Quando não se tem em vista uma viagem para o Oriente, em geral, ele se nos afigura como um ponto distante da terra, meio mítico, misterioso. Sucessivas imagens de ícones, de marajás, de desertos, de oásis, de camelos, de homens com turbantes povoam a mente e a imaginação, misturando-se e, às vezes, ilustrando conhecimentos históricos.

Mas, quando a possibilidade de chegar até lá se torna palpável, esse painel começa a se ordenar e o viajante ocidental pensa que finalmente conseguiu fazer uma ideia do que é esta outra parte do mundo. “Ah! Já sei!” – pensa ele – “do ponto de vista geográfico, já dou a volta no assunto, do ponto de vista histórico, vou encaixando com a história do Ocidente, e do ponto de vista religioso, embora intrincado, dá para fazer uma ideia”.

Ledo engano! Mas que é compartilhado por muitos. Facilmente comprovaram isso duas missionárias, quando receberam seu encargo.

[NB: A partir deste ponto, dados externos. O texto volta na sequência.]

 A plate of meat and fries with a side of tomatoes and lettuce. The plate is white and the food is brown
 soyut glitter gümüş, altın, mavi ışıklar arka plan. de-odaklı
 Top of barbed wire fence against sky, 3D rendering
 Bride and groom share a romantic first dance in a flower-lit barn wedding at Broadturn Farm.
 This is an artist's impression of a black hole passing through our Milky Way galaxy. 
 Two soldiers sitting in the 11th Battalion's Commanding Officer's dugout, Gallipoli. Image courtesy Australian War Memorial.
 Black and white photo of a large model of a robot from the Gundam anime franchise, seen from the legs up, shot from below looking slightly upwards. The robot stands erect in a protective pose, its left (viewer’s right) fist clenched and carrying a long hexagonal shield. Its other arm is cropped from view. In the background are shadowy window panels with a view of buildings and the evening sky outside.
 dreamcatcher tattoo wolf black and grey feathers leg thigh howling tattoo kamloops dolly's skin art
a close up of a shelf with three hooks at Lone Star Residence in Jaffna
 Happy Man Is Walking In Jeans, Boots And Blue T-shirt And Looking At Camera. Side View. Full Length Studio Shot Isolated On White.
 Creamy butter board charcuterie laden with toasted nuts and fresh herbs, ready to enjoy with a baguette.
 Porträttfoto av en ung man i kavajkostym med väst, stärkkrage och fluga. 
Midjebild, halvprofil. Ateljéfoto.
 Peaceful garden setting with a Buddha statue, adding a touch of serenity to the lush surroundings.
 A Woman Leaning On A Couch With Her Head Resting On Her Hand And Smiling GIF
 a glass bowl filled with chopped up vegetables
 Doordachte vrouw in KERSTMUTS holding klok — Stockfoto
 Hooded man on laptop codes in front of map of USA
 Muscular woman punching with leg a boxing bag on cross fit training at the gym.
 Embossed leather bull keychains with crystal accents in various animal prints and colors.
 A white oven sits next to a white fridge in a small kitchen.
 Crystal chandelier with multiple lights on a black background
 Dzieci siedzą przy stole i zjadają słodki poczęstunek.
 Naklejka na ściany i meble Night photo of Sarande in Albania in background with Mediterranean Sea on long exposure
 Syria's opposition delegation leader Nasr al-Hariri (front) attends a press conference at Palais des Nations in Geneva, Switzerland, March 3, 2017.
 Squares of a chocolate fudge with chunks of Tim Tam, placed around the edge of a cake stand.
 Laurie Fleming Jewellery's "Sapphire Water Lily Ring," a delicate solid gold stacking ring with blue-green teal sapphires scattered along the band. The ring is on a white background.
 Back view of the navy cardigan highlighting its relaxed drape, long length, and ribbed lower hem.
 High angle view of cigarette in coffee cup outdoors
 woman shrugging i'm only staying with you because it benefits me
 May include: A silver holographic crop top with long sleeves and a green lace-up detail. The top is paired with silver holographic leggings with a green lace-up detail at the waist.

“Nossa! Índia? Ah, lá é lugar de muita lepra: tomem, levem esses cem quilos de algodão, gaze, esparadrapos, que lhes serão muito úteis!” “Meu Deus! Tão longe! Penso que o melhor é levarem panelas daqui, porque pode não haver lá”. “Nada disso! O melhor é garantirem a higiene pessoal: aqui estão 10 litros de loção perfumada!” E outras opiniões – e doações -, igualmente insólitas, foram recebidas pelas irmãs. Para não decepcionar os doadores, tudo aceitavam, e, evidentemente, passavam adiante, desvencilhando-se dessa carga onerosa.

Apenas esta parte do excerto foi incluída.